Paying for gas with coins wasn’t cool, especially while driving a Mercedes. My car and budget were both running on fumes.

You’ve heard of brunch. Well, at 3:00 AM I was routinely having brupper—free breakfast and supper at Burger King’s closing time. PB & J sandwiches and pop corn lunches. A pseudo-hay field for a yard, and my used Snapper hadn’t snapped for quite awhile. No newspaper. No TV. No Phone. No frills. If eBay had been around I’d have sold all but the walls.

An Eagle Scout would have been better prepared for my last winter in Oxford, Ohio as a Miami doctoral student. Free pallets from a nearby factory kept my stove glowing—literally. The hardwood burned so hot at times that the cast iron glowed like a branding iron—I often had windows wide open during snow days. Hand cutting pallet planks was perhaps the most vivid reminder of my struggles, heading daily to the pile regardless of when I returned home.

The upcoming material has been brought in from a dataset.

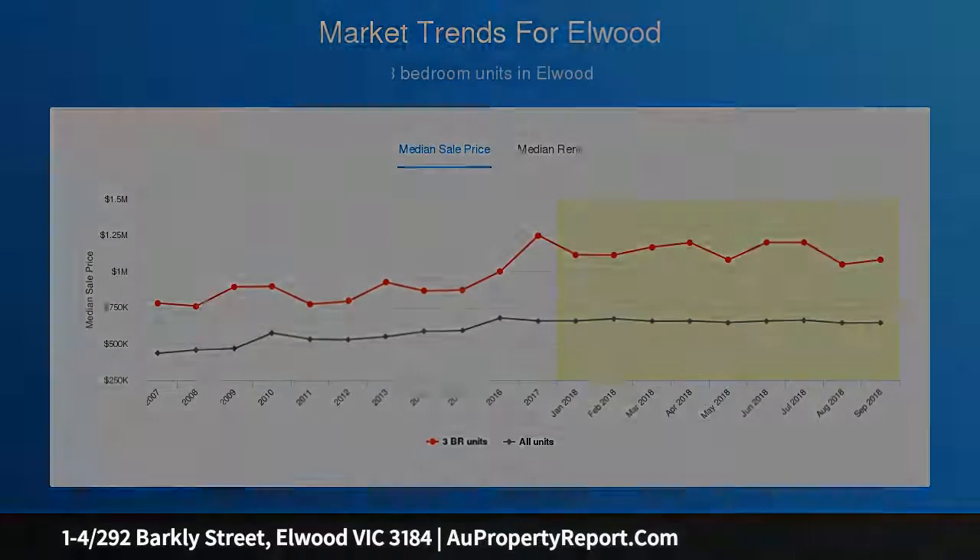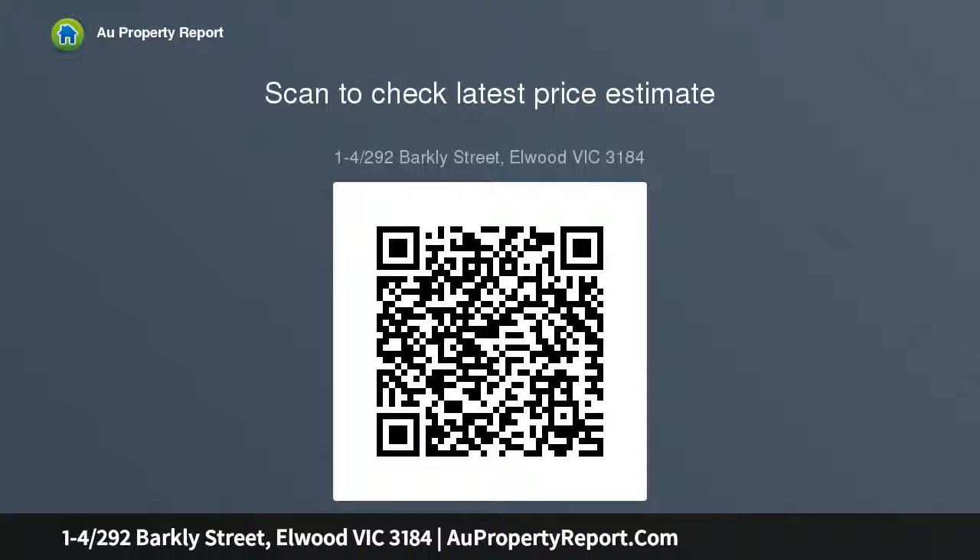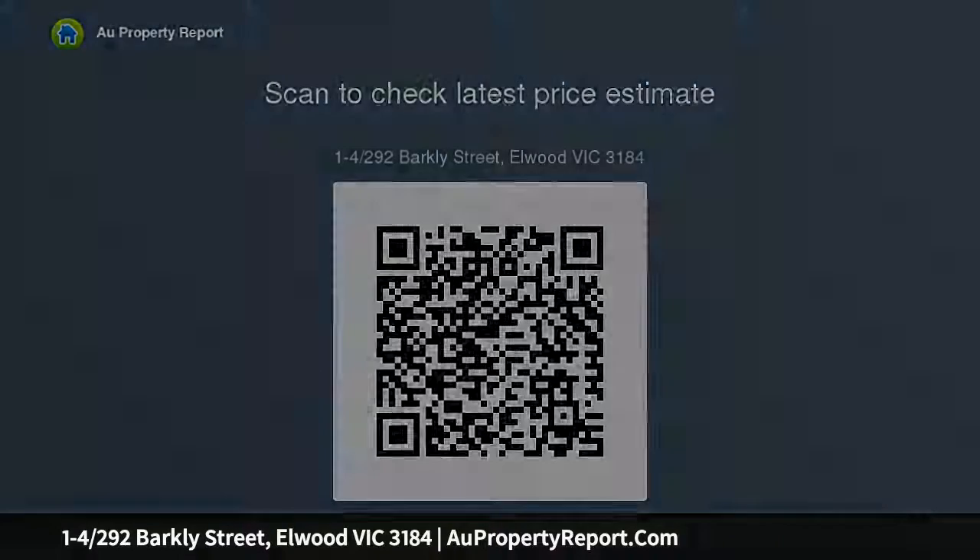With a current rental return of $124,800, this grand group will even pay its way while you decide on an approach. Grandly scaled and smartly positioned in a two-up, two-down configuration with separately titled garaging and substantial rear opening.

It was a time of unpredictable and unpreventable financial hits that thrust me into a year of creative survival. During the days I’d teach large history classes on Miami’s stunning campus among throngs of carefree students. At nights I’d hibernate with books in the graduate student offices drinking discarded instant coffee and flat Big K Cola. This was the pre-Ramen Noodles era but Craft mac and cheese sufficed, though nutrition was optional. Instead of Starbucks it was no bucks. Thank God for The Salvation Army or I’d have sheered my neighbor’s sheep. I sometimes wondered if students recognized my outfits from their roommates’ closets, or worse, their own.

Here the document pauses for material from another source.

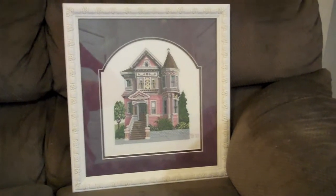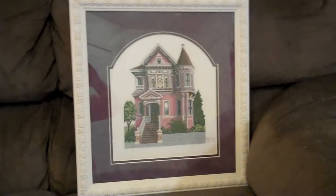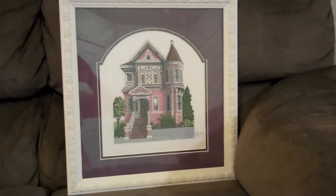Look, it's the Shaner House and it's all finished with the framing. I'll see if I can get a little closer here — sorry about the reflection. It has a darker color on the inner matting, and they did what they call a cathedral cut around the house itself.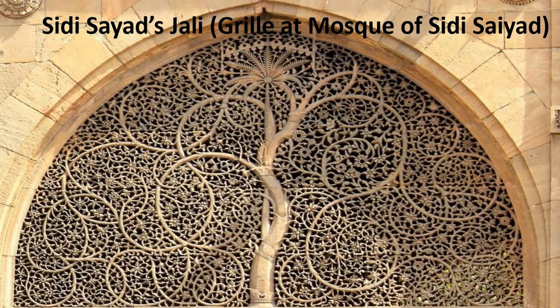Now we come to the world-famous Siddhi Sayyad Jali, or the grill at the mosque of Siddhi Sayyad. I am sure most of you may have seen this picture. It is amazing that such beautiful carving is done from a single stone. The measurement is 11 feet broad and 7 and a half feet tall. This carving is done by piercing through the stone, so you can see through it from both sides.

I spent a decade at Miami that year—but it was worth it. In some ways it was the best of times, in others it was just plain tough. I finally got a break when asked to fill in for a fired professor at Ohio Northern University—though the two-hour drive on Tuesdays and Thursdays was a killer, and that was one way. I eventually crawled out from beneath the financial boulder, and the long year of 1986 passed. Though the daily grind was nearly debilitating, the dream was stronger than the struggle. I am a teacher, and for me there is no higher calling.

In reflection, I was fortunate to have had no car payments, no plastic, almost no utilities, total monthly house costs under $300, and a healthy IRA taken out as a teen. But even the best laid plans of mice and men often go awry. My daily struggles came in large part from a car deal—the sale of a vintage 1968 Mustang sold at half its value to a friend. That car sale had been my financial plan for the last year of graduate school; it was my safety net. As the weeks and months passed and checks never came I realized that the net had a huge hole—a tough lesson in tough times. Life isn’t fair, and it wasn’t the last of such lessons. Life is about resolve and the focus on goals and dreams not others’ shortcomings.

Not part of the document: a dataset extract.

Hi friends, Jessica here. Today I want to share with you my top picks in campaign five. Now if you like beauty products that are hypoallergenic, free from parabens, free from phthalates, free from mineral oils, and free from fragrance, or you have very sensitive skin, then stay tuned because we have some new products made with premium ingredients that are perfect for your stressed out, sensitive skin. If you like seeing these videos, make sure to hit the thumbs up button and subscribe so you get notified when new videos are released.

Through the years I’ve had many students who were crisis driven—and usually the crisis was someone else’s. They weren’t been able to show sympathy and empathy without emptying their internal reserves. And for others, their personal financial crises, common among students, were not seen as attached to a journey with payoff. Both types of students were seriously at risk of leaving school.

Then there are those who seem to get it, like the student who sat across from me yesterday. She’s works three jobs, helps her mother with troubled sons, regularly seeks advice from a financial expert, and is very aware of needing “Plan B’s.” However, there is clear resolve; she understands the Why and she’ll figure out the How. She’s one of dozens through the years I wish I could help, but with four sons (three in private schools) I can only give advice. And, at times, perhaps the dividends prove higher.

Such students have maturity beyond their years, and qualities that will likely propel them into leadership once they navigate education’s cost. Every year there’s a student or two like her that have no recourse, no reserves, and no regrets. Education factors significantly in their dreams.

During the height of my financial struggles I was coming off an all-nighter in the graduate office when I heard of the Space Shuttle explosion on the car radio. I had to pull off the road to have the kind of cry that still shakes me to the present. Suddenly, on January 28, 1986, my situation seemed smaller, more manageable. Struggles were still very real, but had realistic resolutions—a plan and a path. There was also the realization that, like my young student yesterday, apart from God’s protection and peace I was alone financially. And that was okay, because I was going to make it at all costs.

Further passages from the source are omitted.